The events triggered the most extensive criminal investigation in British history, as authorities rushed to prevent more killings. ‘The politicians and police were concerned that this was the first of a wave of attacks that would wreck London,’ says Adam Wishart, who, with James Nally, co-authored new book Three Weeks In July and co-directed 7/7: The London Bombings, a documentary on BBC iPlayer. ‘They were dealing with a huge psychic shock. It was incredibly urgent to work out what had happened, and uncover the network surrounding the perpetrators.’
Many survivors suffered life-changing injuries. Martine Wiltshire lost both her legs on the Aldgate train; she recalls seeing one of her new shoes caught in tangled metal far away from her, and struggling to understand.
‘Since then she has become a sitting volleyball player, a Paralympian and a motivational speaker – it’s a central element of her life,’ says Wishart. ‘But there are some people, I imagine, who have put the experience in a box and buried it.’
An officer on the anti-terrorism squad, Dave Skiffins was one of those who went into the shell of the Tube carriage below Russell Square and collected the remains of more than 20 bodies. ‘Individual people were sometimes blown into hundreds of pieces,’ he told Wishart and Nally. ‘It was hell. To see such devastation. No amount of training prepares you for that – the bodies, the bits, the blood. These people were taken in the prime of their lives. That’s what got us more than anything. When they left home that morning to go to work, they didn’t know that it was all going to end there.’ Skiffins still regularly dreams about what he saw.
At the highest level, then-Prime Minister Tony Blair was responsible for protecting the country. Talking to him, says Wishart, it was clear that he found the event emotional and frightening. ‘Above all, the purpose of Government is to keep citizens safe – and in that sense he had failed.’
Blair told the authors that he remembers, the following evening, watching his five-year-old son sleep. ‘I’d spent all day just trying to do the job of being Prime Minister. But you are a human being... I remember going and seeing Leo sleeping and just thinking, “What does it all mean for him, for his generation, for the country he’s going to grow up in and for the future?”’
The book makes it clear that there are no easy decisions or solutions in dealing with a terror threat – but intelligence services were criticised for what they’d missed. It emerged that one bomber, Mohammad Sidique Khan, had been flagged in previous investigations. ‘There was a lot of chatter in the press about how MI5 could have acted sooner,’ says Wishart. ‘But it’s a dilemma. You can stop every suicide bomber if you have a totalitarian state – but otherwise someone has to prioritise who we should follow and who we shouldn’t.’

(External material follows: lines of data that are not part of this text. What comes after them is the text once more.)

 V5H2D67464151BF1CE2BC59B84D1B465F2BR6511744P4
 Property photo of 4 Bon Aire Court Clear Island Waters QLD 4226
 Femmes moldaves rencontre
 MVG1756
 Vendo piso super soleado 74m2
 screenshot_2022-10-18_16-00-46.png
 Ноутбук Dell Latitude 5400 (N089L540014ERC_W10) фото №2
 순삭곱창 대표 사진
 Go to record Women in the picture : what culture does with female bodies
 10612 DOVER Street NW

Two weeks after the bombings, the Met Police took a risk to stop a potential attack and got it horribly wrong. On 21 July 2005, four more bombs had been detonated in London but failed to explode, triggering a manhunt for those responsible. The next day, the innocent 27-year-old Jean Charles de Menezes was mistaken by police for suspect Hussain Osman, and was shot dead.
‘It was a terrible tragedy following a series of awful mistakes,’ says Wishart. ‘The police then lied to try to cover up the incident, and that was something that did lasting damage to their reputation.’

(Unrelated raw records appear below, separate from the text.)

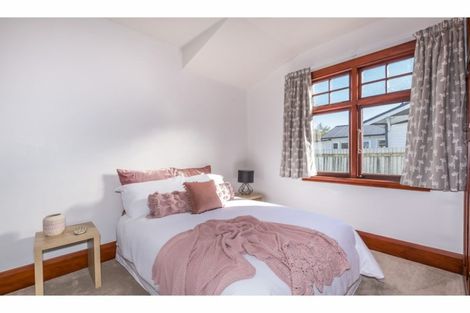 Photo of property in 92 Woodham Road, Linwood, Christchurch, 8062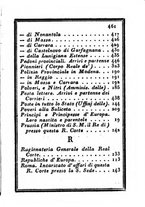 giornale/IEI0107643/1843/unico/00000467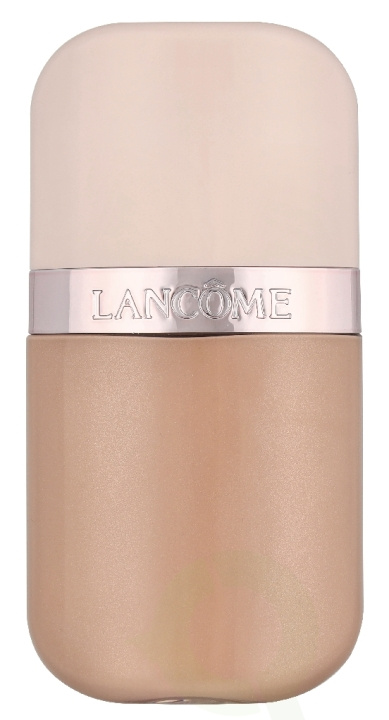 Lancome Skin Idole 3 Serum Supertint Skin Tint 30 ml #22 C in the group BEAUTY & HEALTH / Skin care / Face / Skin serum at TP E-commerce Nordic AB (D35897)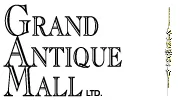 Grand Antique Mall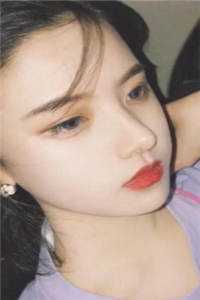 卑微爱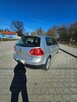 Volkswagen Golf DSG | 2007r |  2.0 TDI | 140KM - 3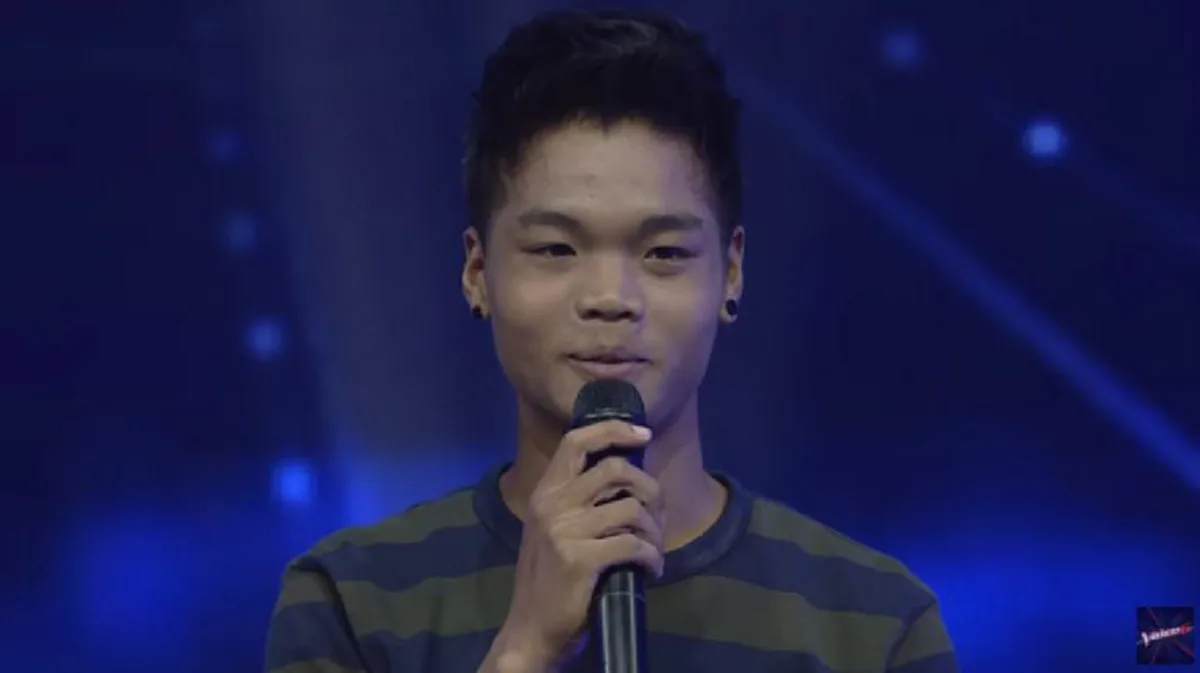 ***ค้านสายตาคนดูทั้งประเทศ !!! ชาวเน็ตวิจารณ์ยับ "รถบัส The Voice" แพ้ตกรอบ ลั่นแรงเลิกดูรายการ !? (คลิป)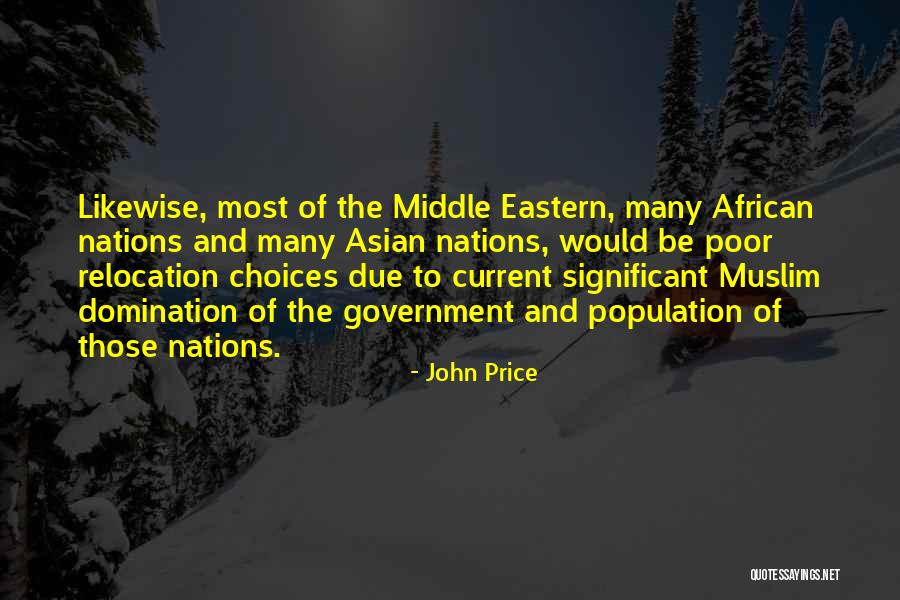 Shahrukh Filmy Quotes By John Price Shahrukh Filmy Quotes By John Price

The scars left by 7/7 went beyond those directly affected. ‘For the British Muslim community, it’s got a very difficult legacy, because they were tarred by the actions of a few individuals,’ says Wishart. ‘Jean Charles de Menezes was Brazilian, and part of the reason he was shot was because he had brown skin. As the MP Shahid Malik said to us, “Did that mean everybody that looked like a Muslim and was carrying a backpack was now a legitimate target?” It created a trauma that’s often untold.’